Ganz anders dagegen die Autorin Ulrike Derndinger, die in ihrer Mundart die Höhen und Tiefen des menschlichen Alltags mit allem dazwischen liegenden auslotet. In ihrem Buch "Weckli, Deckli, Schleckli" habe sie Eindrücke verarbeitet, die sich der in Lahr lebenden Autorin beim Wechsel der Kanadier auf die Russlanddeutschen eingeprägt hätten. Derndinger verstand es bestens, die sprachliche Verwirrung des Vladmimir darzustellen, für den sich der Lahrer Dialekt nach Wodka-Sprache anhört und der über frisch gebackene Apfelküchle schließlich zur Liebe findet. Ein Besuch in ihrem Heimatdorf Kürzell habe sie veranlasst über das zu schreiben, "was se gseit – und was se gmeint het".

Das Gespräch mit ihrer Nachbarin offenbarte die hintergründigen Höflichkeiten, eine Geschichte weiter gelang selbst die Integration von Chinesen im Dorf.

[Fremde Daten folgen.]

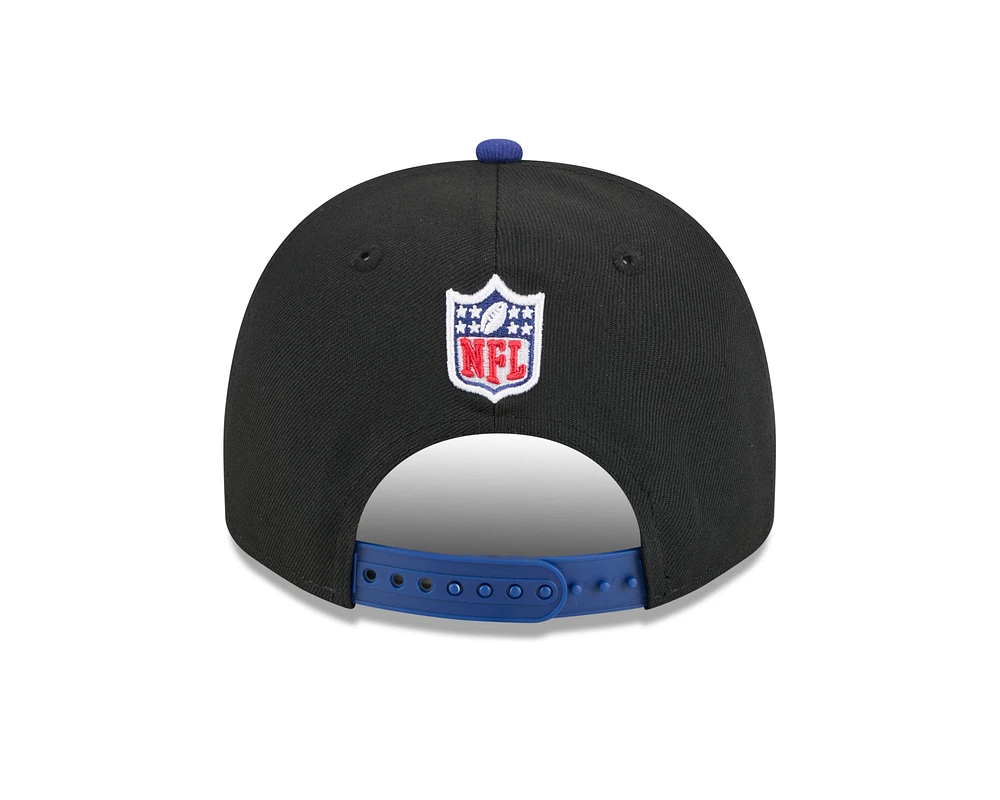 NFL Hat 950 A-Frame Snapback Draft 2025 National Football League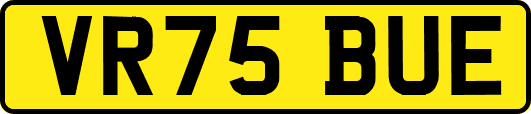 VR75BUE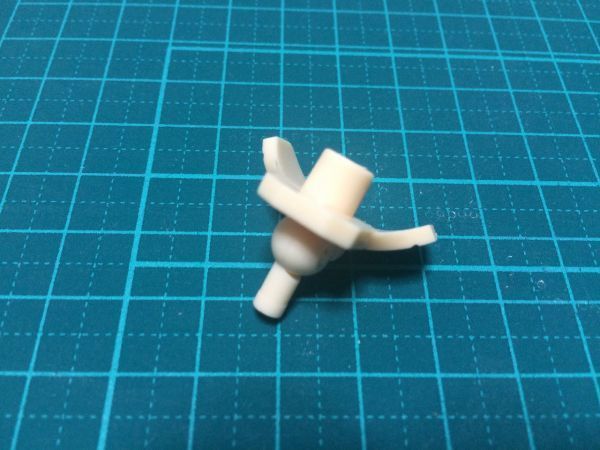 ねんどろいど パーツ NEW GAME! 滝本ひふみ 首 ジョイントパーツ拍卖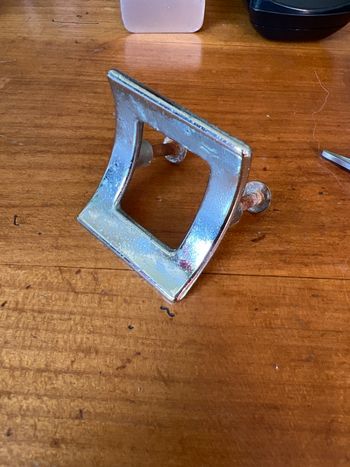 Poignée de tiroir 1960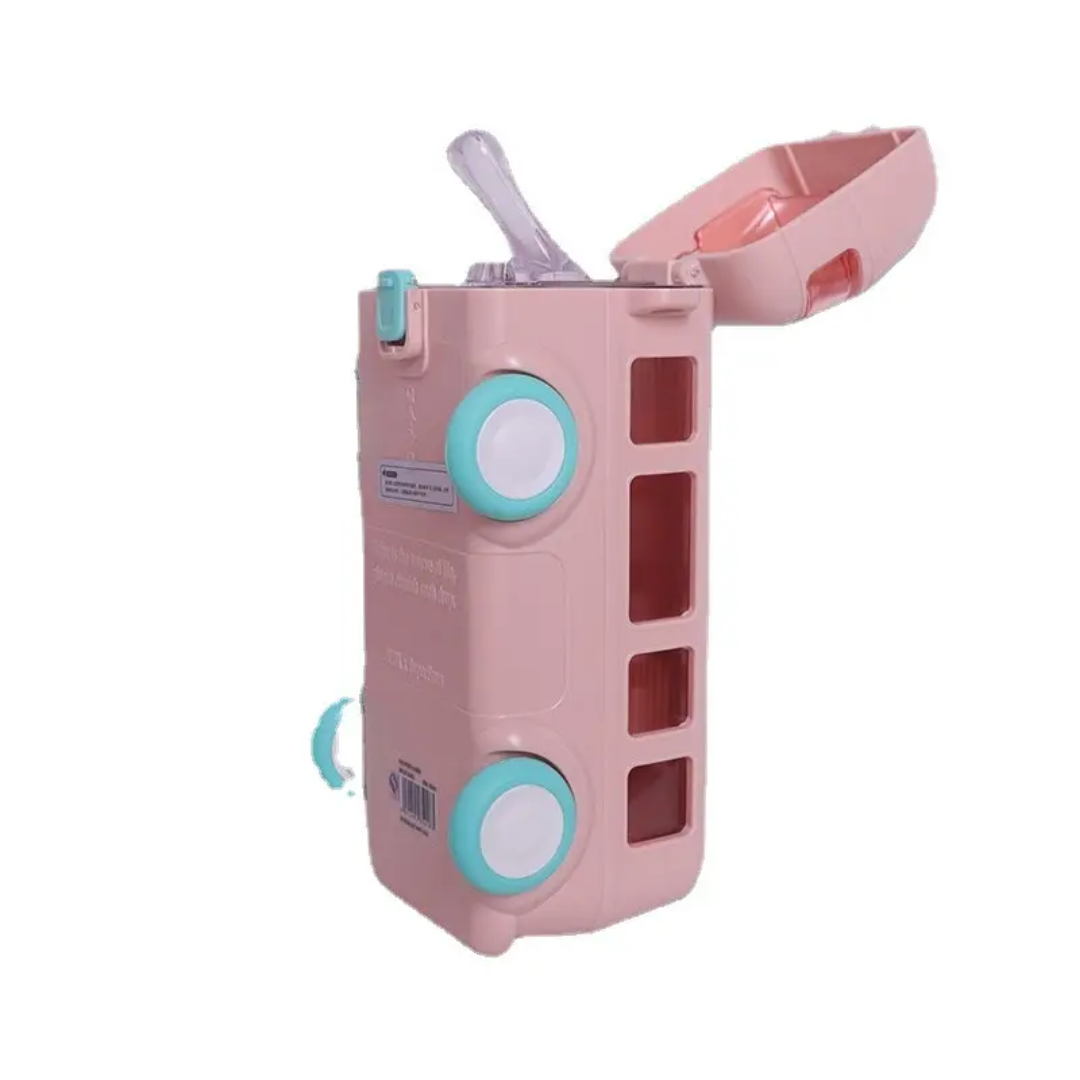BUS WATER BOTTLE 500ML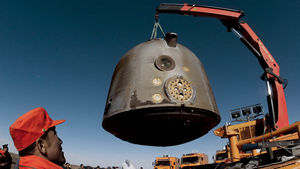 Grue à flèche articulée de marque réputée SPK15500 6 tonnes - Product Image 2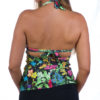 Halter Supportive Tankini Top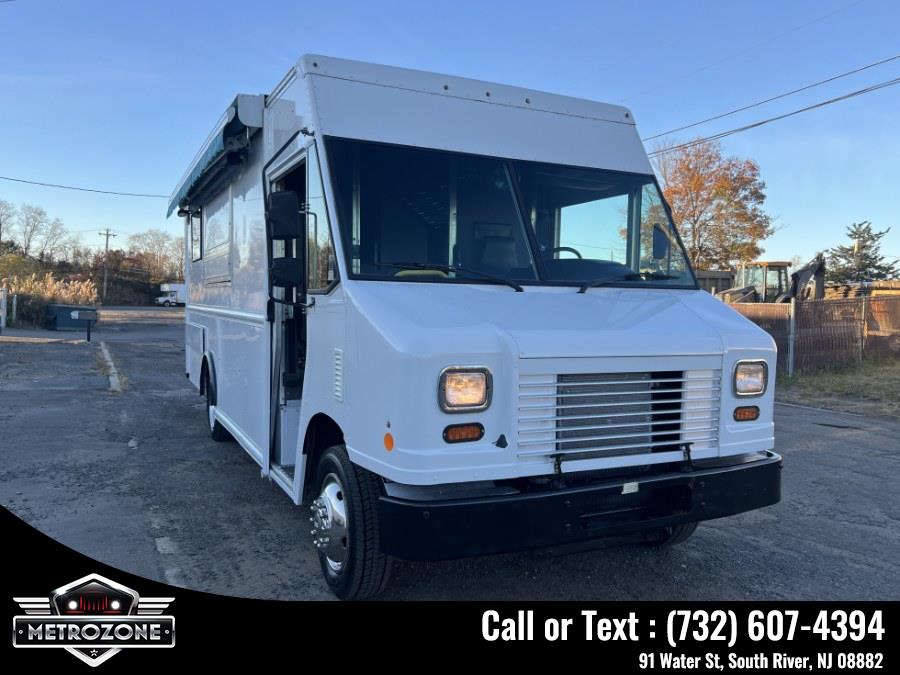 2013 Ford Super Duty F-59 Stripped Chassis Food Truck, available for sale in South River, New Jersey | Metrozone Motor Group. South River, New Jersey 2013 Ford Super Duty F-59 Stripped Chassis Food Truck, available for sale in South River, New Jersey | Metrozone Motor Group. South River, New Jersey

Der Anglo-Alemannische-Friseurbesuch bestach durch den gekonnten Vortrag ebenso wie die Geburt eines Kälbchens, die beinahe in Echtzeit miterlebt wurde.

Gedanken des Loslaufens

Als dritte Autorin stellte Ingeborg Gleichauf ihre Gedanken vor, die sich neben dem Schreiben des eigentlichen Themas immer wieder bei ihr einschleichen. "Wenn der Name eines Baumes in den Himmel reicht und ein Schlagzeug bis nach Afrika zu hören ist – dann ist es Zeit, einen Fuß vor den anderen zu setzen."

Da gab es "Tage mit einer klienen Krone auf den Kopf" oder "den bitteren Rauch im Mund", mit dem sie der heißen Sonne entgegenläuft und "an die Hand nehme ich das wilde Kind, das ich einst war."

Um den Gästen Zeit und Raum für das Verarbeiten des Gehörten zu geben, gestalteten Christoph Haarmann und seine Tochter Ingrid kleine Pausen mit ihren musikalischen Improvisationen. Zum "Nachtisch" servierte Wendelinus Wurth seine fünf besten Dreizeiler des vergangenen Jahres, wie "S´Bollehutmaidle am Fahnemaste – de Wind knuddelts und druckts."